Reggie and I are standing in almost the exact same pose. Coincidence? I think not.

Oh, we had a few teething problems. Had to replace some stuff, you know, like the valve cover gasket, a belt blew apart, and something was seriously wrong with the brakes.  But hey, that’s why God made rest stops, right?  The wife made sandwiches while I rejiggered the Neinstukkenheimer while simultaneously resetting the Achtuooberlettr and tightening the Frigginleben.

  Eventually, after sleeping in a few of these rest stops, we smokily roared into Bakersfield to my folks’ for some needed more serious repairs.  As these repairs were going to take a while, we had to buy a plane ticket and send the missus back to Texas so she could, you know, like, keep her job.  Ah well, what’s another 170 bucks, that’s what credit cards are for, right?  She jets home and I settle down to seriously skinning and cleaning my Rabbit.

In Bakersfield after I got it running decently, mom snapping pictures so they could have some to give to the Highway Patrol when I vanished in the desert trying to drive it home.

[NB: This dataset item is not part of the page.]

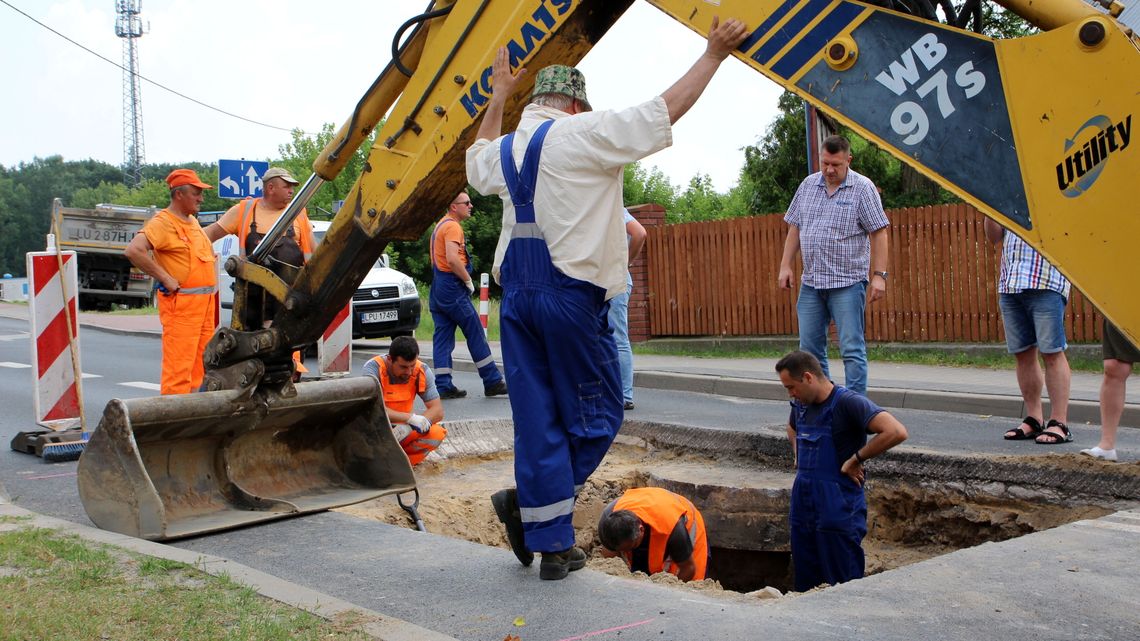 Puławy: Na ul. Skowieszyńskiej zapadła się jezdnia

By the time I set off for Texas, a week later, the car is purring like a kitten and fulfilling all my dreams of fuel efficient Germanic manhood.  Damned if there is not a single problem on the remaining Interstate home, and I roar along at nearly 60 mph (can you believe the speed this baby has?) heading back to the promised land having thoroughly spoiled the Egyptians.

Where is Albuquerque anyways??

Stopped once in Albuquerque, unlike Bugs Bunny my Rabbit didn’t take a left turn at Albuquerque, and I bought fuel, the only time I refilled that Rabbit from Bakersfield to Texas.  Slept for a few hours near Tucumcari, N.M. in a rest stop, and paroosed into Belton the next afternoon like Caesar after defeating the Gauls, 27 hours after starting out.  Ooo-rah!

Now, listen little children and you will hear the best part of the whole tale, and you won’t believe it but it’s the gosh durned truth.  The Rabbit managed to average 58 miles per gallon on the trip from Bakersfield to Belton.  That means my Rabbit had an actual range of 1,218 miles.  Let that sink in.  Oh and back then diesel was going for a buck and a quarter a gallon, so to drive the Rabbit to empty would cost $26.25, or 0.02 cents per mile.  Never, in the long and painful history of the human race, has there ever been a cheaper way to travel than my Rabbit!


I owned it for a couple more years, fixing up this and that, like new little hubcaps, drove nearly an hour to get them, wax and polish, some gauges, a radio.  But you know what, let’s be honest now in the harsh grim light of middle age, this car was a turd.  In the Texas summers it was miserable to drive, it rattled like a coffee can full of marbles at idle, was deathtrap slow, uncomfortable, smoky and smelly, and, in the end, I confess freely before men, disappointing.  It was almost the perfect car, if only.  Yeah, sure, it squeezed the miles out of a gallon of fuel, but man shall not live by MPGs alone.

Owning the 79′ Rabbit never really felt this special.


So I sold it.

Got $750 bucks for it.  Ah well.

But I wasn’t done with diesel VW Rabbits.  See, if only it had AC, if only it had four doors, if only it had power brakes, if only it had cloth seats, if only, if only, if only.  All I needed to do was find a Rabbit with these features and all would be well with my soul.